New South Wales Prime Minister Gladys Bergiklian said that returning travelers carrying a mutated form of the COVID-19 virus have been detected in Australia, however, the new strain has not appeared in the Northern Shores outbreak.
the main points:
- Ms Prejiklian said a “couple” of returning travelers had carried the new COVID-19 variant
- She said the strain that appeared in the state’s Avalon group was not mutated
- Overnight, a WHO official said that only one case had been discovered in Australia
The coronavirus mutation spread rapidly in southeast England, prompting many European countries to ban travelers from the UK.
In response to a question about the new strain today at a press conference, Ms Berejiklian said that two travelers returning from the United Kingdom who had tested positive for COVID-19 were found to be carrying the mutated variant of the virus.
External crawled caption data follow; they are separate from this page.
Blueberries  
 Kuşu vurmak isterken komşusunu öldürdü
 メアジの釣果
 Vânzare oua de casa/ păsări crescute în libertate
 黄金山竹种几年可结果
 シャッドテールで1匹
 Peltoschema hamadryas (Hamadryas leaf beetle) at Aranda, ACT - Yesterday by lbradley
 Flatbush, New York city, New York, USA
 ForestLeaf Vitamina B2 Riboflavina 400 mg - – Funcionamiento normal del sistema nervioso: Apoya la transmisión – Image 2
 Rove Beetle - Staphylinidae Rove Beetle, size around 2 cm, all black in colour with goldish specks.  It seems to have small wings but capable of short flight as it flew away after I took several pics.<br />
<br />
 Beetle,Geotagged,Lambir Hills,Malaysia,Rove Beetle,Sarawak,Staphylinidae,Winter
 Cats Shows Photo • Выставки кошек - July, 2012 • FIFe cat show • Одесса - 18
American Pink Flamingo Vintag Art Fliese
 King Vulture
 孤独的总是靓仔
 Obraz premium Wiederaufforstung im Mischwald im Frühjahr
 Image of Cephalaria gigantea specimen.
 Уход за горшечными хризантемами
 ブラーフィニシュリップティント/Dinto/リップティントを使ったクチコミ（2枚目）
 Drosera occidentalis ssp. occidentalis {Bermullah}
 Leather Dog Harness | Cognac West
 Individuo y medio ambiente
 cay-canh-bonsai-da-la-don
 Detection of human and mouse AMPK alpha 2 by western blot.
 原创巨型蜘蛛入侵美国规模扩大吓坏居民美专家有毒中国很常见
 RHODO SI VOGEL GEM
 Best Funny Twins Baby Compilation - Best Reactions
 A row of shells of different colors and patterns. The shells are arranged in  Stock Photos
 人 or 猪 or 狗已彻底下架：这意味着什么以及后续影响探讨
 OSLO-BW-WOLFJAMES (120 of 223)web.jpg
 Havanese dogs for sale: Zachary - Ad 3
“We had some travelers returning from the UK with the special mutations that you point to,” she said.
A World Health Organization official told the BBC overnight that a case of the mutated virus had been detected in Australia.
It has also been discovered in the Netherlands and Denmark, said Maria Van Kerkhove, a WHO epidemiologist.
She said, “We understand that this alternative has also been identified in Denmark, the Netherlands and Australia – there was one case in Australia and it did not spread there.”
The highly contagious strain has caused tougher lockdowns in London and southeast England over Christmas, affecting 16 million people.
British officials said the new variant of the virus could be up to 70 percent more transmissible than the original.
Dr Van Kerkhove said there was no evidence that vaccines were less effective against the altered strain.
“What we understand is that we have increased the transmissibility of the infection in terms of its ability to spread,” she said.
“More studies are underway to understand how quickly this spreads, and whether it is related to the variable itself or to a combination of factors with behavior.”
“We understand that the virus does not cause a more serious disease, from the initial information they shared with us.”
But she said there are a number of questions about the mutation that need answers.
“More sequencing that could be done would be useful to help us determine if this alternative is being traded elsewhere,” she said.
“The more this virus spreads, the greater the chances of changing it. So we really need to do everything we can now to prevent it from spreading.”
The UK has more than 2 million cases and 67,500 deaths, according to the Johns Hopkins University data map.